At Law Students for Reproductive Justice (LSRJ), we are committed to providing our student members with educational and training opportunities which are critical in creating confident, well-prepared chapter leaders. That’s just what we accomplished on the weekend of July 11-12, 2009 at the University of Pennsylvania Law School, where we held our second annual Leadership Institute, entitled “Justice Doesn’t Just Happen.” We set an LSRJ record, with 67 attendees representing 50 law schools throughout the United States. Our targeted efforts during the past year to increase our presence at Southern law schools paid off at the Leadership Institute, as we had student participants from Southern University Law Center, Florida A&M, University of Texas – Austin, Vanderbilt, Duke, and the University of North Carolina – Chapel Hill, four of which are launching chapters during the 2009-2010 academic year.
As LSRJ’s Program Director, I believe that the resources we invest in chapter leaders will pay dividends for years to come. One of my responsibilities is to ensure that law students feel supported as they work independently at their schools to build and sustain chapters, and I have found that bringing them together at least once per year is critical in this quest. Student leaders are inspired and motivated when they share ideas face-to-face; there really is no substitute. Like many non-profit organizations, LSRJ has had to watch our budget during this uncertain financial crisis. The financial cost of bringing students together, however, is nothing compared to the cost of failing to provide that shared space.
LSRJ has a relatively short period of time (law school typically takes three years to complete) to reach our target audience. With busy school schedules and myriad extra-curricular activities vying for attention, LSRJ must offer law students innovative programming in order to compete. Our skills-based training opportunities, like the Leadership Institute, coupled with our commitment to educating, organizing, and supporting law students to become the next generation of reproductive justice advocates, allows us to attract and sustain an incredibly talented membership devoted to making justice happen.

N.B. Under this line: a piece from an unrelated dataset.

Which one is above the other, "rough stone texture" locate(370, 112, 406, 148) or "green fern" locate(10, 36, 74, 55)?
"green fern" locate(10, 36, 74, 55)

LSRJ Executive Director Jill Adams kicked off the Leadership Institute with a discussion of the fundamentals of reproductive justice. Chapter leaders were asked to take a typical law school event and think of ways in which they could add a reproductive justice focus – by including underrepresented groups in the discussion and planning process; by examining the interrelatedness and intersection of issues; and by co-sponsoring events with a diverse set of student groups. The brainstorming sessions were intense and fruitful, and participants then returned to the larger discussion with concrete ideas for using the reproductive justice lens to modify chapter events.

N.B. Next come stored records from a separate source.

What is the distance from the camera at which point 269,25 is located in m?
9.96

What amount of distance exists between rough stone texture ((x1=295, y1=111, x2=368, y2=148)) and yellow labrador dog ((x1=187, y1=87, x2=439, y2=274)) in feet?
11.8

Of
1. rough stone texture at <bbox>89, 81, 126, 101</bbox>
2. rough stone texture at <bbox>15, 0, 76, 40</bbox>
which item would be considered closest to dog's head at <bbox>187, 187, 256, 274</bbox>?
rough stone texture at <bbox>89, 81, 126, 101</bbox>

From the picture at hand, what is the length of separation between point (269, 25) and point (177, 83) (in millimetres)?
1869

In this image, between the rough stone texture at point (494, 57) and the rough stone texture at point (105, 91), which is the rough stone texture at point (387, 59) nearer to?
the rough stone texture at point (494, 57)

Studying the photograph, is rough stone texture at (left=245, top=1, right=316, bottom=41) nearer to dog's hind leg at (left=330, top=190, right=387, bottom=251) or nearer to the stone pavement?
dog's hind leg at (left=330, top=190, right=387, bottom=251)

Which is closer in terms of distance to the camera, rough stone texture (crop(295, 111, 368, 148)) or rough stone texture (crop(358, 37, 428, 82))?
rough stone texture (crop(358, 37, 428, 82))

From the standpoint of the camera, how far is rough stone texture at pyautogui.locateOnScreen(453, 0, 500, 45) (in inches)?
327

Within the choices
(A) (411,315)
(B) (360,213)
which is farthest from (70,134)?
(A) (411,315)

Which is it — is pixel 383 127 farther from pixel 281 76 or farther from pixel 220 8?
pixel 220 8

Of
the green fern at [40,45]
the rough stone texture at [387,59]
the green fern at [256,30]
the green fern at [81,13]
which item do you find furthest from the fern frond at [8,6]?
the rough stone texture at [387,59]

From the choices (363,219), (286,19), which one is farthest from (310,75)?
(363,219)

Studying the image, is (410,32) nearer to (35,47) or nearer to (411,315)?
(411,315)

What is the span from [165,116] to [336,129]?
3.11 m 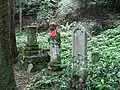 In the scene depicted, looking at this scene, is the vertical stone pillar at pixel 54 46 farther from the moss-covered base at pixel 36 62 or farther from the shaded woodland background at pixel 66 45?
the moss-covered base at pixel 36 62

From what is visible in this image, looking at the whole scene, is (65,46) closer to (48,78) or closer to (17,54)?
(17,54)

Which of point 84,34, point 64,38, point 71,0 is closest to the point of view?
point 84,34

In addition to this training on reproductive justice, we provided opportunities for students to caucus on various issue-based topics. Saturday’s lunch doubled as a Law Students of Color caucus; a session on working with anti-choice groups on campus; a discussion group for new chapters; and a caucus for chapters based on religious and ideologically conservative campuses. Sunday’s caucuses had a regional focus, which allowed students to develop ideas for regional collaboration. Seven of the eight caucuses were led by students, further strengthening their facilitation and leadership skills. Students also presented their homegrown interpretations of LSRJ’s Easy-Events-in-an-Envelope (neatly packaged time-savers that students utilize for easy event planning) to their peers, which gave them the chance to practice public-speaking, show off their campus organizing triumphs, and brainstorm new ideas for successful event planning.
LSRJ is fortunate to have the support of numerous organizations committed to empowering law students as advocates for reproductive justice. Justice doesn’t just happen without the help of many dedicated individuals and organizations, including Cynthia Soohoo of the Center for Reproductive Rights, Jill Morrison of the National Women’s Law Center, Angela Hooton of the National Institute for Reproductive Health, Trevor Lippman of the ACLU Reproductive Freedom Project, Patty Skuster of Ipas, the National Asian Pacific American Women’s Forum, and the Religious Coalition for Reproductive Choice – Spiritual Youth for Reproductive Freedom Project. We would not be able to provide programming like the Leadership Institute without the generosity of these groups.